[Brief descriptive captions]
---*---

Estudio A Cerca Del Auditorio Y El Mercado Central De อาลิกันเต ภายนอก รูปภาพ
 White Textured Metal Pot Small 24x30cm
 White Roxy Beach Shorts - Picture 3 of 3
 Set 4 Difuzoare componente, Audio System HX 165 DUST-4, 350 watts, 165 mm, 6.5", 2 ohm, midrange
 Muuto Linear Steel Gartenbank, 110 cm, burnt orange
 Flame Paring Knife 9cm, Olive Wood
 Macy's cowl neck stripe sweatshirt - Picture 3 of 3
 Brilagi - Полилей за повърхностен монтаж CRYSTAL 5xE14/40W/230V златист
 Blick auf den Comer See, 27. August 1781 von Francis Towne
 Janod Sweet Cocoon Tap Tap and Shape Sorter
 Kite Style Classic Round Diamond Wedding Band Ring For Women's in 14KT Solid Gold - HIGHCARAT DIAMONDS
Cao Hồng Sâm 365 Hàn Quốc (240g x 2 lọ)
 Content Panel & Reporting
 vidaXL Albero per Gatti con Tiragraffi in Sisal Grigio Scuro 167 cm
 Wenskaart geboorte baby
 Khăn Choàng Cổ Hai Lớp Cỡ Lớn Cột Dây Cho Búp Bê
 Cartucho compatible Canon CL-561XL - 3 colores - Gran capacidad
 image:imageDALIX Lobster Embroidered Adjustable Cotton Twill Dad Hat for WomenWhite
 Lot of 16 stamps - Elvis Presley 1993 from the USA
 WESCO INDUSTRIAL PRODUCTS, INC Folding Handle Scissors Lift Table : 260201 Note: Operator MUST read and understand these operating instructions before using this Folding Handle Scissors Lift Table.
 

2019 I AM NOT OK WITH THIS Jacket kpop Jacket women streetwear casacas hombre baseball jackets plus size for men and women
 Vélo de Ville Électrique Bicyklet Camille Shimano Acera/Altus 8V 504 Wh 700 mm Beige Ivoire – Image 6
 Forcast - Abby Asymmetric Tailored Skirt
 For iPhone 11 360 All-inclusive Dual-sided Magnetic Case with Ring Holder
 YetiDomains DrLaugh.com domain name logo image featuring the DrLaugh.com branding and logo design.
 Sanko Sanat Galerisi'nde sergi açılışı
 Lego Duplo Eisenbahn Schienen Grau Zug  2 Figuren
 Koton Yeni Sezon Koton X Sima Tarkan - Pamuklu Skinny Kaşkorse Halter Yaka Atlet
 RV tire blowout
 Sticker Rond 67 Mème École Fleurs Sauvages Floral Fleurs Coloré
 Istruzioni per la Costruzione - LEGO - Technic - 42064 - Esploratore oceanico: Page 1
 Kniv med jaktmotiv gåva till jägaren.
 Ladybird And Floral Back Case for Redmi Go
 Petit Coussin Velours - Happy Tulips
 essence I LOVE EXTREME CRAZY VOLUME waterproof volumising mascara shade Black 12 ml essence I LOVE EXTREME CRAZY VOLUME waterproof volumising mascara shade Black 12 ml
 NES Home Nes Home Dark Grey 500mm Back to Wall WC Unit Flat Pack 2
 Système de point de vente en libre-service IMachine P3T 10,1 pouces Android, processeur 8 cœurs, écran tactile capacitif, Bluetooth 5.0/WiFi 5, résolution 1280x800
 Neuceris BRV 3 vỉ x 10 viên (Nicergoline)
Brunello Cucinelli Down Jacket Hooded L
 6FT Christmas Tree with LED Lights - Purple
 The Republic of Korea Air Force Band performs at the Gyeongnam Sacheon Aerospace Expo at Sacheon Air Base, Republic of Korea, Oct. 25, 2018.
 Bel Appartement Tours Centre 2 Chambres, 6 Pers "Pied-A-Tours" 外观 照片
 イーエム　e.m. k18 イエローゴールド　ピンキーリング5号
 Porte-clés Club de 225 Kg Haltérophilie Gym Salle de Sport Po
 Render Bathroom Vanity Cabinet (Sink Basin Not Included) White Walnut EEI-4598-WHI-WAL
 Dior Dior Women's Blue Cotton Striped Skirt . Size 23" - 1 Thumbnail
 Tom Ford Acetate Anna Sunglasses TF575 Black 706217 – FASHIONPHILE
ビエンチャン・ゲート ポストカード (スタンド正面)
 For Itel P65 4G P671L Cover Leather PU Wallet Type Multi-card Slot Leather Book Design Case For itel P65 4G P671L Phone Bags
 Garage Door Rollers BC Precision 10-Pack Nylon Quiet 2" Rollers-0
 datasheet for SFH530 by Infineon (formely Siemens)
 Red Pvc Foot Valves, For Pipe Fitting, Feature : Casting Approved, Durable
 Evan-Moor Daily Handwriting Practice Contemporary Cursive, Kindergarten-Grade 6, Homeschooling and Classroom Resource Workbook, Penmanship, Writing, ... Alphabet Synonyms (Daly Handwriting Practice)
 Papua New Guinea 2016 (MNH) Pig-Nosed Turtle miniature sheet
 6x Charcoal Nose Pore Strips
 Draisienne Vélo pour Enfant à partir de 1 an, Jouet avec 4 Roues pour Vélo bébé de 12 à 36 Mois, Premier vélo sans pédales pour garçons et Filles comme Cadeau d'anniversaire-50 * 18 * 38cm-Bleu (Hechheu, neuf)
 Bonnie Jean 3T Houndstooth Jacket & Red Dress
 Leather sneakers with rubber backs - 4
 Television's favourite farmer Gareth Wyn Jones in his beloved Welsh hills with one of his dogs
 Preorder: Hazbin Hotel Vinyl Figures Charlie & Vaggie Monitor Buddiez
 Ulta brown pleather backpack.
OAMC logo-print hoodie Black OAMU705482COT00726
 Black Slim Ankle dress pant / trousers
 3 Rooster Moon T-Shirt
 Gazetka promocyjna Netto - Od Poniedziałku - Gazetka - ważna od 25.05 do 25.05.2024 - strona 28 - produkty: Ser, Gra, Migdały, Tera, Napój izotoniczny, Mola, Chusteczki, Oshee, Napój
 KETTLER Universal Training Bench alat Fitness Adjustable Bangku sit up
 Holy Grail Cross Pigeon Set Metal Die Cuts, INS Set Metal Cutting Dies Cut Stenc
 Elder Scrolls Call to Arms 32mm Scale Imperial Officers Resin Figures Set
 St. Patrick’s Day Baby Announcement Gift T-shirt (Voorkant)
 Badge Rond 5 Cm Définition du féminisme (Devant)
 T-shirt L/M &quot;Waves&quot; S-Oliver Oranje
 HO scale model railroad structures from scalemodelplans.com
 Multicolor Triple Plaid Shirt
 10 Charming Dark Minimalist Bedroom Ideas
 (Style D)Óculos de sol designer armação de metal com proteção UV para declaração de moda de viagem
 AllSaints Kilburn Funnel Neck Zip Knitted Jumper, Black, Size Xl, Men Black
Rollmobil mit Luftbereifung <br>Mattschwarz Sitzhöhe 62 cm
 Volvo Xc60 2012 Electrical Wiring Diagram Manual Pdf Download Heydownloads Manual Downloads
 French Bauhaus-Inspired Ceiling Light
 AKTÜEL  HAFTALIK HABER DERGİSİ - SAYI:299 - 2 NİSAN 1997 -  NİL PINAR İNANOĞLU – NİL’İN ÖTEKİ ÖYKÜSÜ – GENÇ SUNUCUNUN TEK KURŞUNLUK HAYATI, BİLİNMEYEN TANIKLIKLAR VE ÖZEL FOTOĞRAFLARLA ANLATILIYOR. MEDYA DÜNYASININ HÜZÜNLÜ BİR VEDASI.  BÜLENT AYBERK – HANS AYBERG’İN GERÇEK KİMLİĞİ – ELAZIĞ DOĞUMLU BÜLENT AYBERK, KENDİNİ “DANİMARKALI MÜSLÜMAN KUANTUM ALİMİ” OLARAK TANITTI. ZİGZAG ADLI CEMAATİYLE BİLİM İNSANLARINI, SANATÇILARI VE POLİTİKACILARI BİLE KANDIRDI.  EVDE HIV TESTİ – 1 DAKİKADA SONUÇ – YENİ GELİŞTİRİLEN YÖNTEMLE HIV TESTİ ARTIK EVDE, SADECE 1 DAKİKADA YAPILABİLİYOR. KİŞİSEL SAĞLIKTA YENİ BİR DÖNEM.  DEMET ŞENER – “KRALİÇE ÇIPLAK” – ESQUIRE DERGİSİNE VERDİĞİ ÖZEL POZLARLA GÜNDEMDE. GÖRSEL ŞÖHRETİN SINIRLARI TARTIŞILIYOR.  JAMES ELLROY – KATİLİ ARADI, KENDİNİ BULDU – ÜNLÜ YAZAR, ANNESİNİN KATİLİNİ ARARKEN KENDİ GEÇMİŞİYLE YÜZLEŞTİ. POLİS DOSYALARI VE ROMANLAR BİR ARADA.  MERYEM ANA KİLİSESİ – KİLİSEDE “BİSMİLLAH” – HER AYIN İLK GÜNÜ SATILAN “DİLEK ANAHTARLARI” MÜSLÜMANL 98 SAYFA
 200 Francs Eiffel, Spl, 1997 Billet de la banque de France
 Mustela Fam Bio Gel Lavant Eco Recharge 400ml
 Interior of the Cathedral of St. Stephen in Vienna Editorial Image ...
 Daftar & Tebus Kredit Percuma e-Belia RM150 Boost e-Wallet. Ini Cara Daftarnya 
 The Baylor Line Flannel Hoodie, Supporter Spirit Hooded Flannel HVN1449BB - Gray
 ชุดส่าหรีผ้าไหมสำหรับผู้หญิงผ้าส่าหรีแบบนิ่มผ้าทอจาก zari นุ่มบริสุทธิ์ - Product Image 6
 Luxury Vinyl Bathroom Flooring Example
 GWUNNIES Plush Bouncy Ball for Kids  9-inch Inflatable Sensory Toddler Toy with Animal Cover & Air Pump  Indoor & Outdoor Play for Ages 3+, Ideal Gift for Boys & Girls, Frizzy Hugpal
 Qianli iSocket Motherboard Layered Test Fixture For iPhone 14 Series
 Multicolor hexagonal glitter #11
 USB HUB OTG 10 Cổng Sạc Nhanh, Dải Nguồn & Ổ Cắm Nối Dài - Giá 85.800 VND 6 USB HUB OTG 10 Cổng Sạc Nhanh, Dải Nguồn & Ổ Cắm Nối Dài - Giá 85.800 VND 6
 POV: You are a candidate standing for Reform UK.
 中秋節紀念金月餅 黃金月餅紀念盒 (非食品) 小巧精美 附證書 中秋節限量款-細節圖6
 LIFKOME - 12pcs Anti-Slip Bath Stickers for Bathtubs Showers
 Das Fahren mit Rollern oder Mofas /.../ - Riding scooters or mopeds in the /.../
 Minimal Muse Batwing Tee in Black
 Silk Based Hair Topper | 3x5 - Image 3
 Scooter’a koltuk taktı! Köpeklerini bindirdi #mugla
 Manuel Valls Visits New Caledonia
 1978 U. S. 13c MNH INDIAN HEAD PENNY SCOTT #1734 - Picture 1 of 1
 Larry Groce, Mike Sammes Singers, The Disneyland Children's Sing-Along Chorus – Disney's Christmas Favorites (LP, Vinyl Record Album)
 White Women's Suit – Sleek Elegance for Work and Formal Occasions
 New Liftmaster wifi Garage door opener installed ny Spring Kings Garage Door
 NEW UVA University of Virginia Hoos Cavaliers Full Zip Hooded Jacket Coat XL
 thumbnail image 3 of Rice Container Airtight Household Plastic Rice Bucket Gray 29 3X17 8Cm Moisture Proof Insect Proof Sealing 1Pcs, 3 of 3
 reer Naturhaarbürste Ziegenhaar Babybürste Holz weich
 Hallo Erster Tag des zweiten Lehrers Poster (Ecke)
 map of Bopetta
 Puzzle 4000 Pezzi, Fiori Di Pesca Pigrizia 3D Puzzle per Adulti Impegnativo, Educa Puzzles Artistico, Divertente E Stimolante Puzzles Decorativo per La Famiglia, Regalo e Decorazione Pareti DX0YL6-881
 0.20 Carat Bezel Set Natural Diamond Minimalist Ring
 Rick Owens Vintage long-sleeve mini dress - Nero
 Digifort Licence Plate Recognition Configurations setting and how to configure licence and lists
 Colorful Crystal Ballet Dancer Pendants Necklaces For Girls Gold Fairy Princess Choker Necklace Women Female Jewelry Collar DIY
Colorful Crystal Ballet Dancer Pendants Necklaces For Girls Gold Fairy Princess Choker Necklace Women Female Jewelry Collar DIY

---*---

**PROMPT**
Copy exactly the lines above, starting at the opening line and finishing at the line in which "Brilagi - Полилей" occurs.

**EXERCISE OUTPUT**
Estudio A Cerca Del Auditorio Y El Mercado Central De อาลิกันเต ภายนอก รูปภาพ
 White Textured Metal Pot Small 24x30cm
 White Roxy Beach Shorts - Picture 3 of 3
 Set 4 Difuzoare componente, Audio System HX 165 DUST-4, 350 watts, 165 mm, 6.5", 2 ohm, midrange
 Muuto Linear Steel Gartenbank, 110 cm, burnt orange
 Flame Paring Knife 9cm, Olive Wood
 Macy's cowl neck stripe sweatshirt - Picture 3 of 3
 Brilagi - Полилей за повърхностен монтаж CRYSTAL 5xE14/40W/230V златист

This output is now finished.